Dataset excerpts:

------------

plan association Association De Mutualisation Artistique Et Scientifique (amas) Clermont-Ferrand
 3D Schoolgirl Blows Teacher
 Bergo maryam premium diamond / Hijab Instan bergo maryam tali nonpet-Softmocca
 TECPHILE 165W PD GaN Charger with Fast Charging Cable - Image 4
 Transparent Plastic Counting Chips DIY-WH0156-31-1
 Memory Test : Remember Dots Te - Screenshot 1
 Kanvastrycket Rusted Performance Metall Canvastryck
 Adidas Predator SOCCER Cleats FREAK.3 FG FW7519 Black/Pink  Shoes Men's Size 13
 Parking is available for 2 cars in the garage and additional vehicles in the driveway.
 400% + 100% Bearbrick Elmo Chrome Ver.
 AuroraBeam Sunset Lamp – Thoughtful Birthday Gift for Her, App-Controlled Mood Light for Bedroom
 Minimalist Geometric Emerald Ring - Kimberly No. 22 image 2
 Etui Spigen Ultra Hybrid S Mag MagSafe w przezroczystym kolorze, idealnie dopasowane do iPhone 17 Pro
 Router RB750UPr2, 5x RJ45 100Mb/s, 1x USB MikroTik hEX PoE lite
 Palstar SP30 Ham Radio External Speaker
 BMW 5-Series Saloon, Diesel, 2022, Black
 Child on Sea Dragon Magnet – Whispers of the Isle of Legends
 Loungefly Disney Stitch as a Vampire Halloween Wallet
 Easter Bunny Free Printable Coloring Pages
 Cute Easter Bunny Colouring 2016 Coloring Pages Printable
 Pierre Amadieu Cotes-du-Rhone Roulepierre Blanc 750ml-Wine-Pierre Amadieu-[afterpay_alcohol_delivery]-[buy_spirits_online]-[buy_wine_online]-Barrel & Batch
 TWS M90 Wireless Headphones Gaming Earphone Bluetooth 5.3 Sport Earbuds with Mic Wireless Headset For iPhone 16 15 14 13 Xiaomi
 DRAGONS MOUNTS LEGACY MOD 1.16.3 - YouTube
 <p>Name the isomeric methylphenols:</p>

------------

-- TASK INSTRUCTIONS --
Which lines above include "Pages"? Show each of them by copying it.

-- RESPONSE --
 Easter Bunny Free Printable Coloring Pages
 Cute Easter Bunny Colouring 2016 Coloring Pages Printable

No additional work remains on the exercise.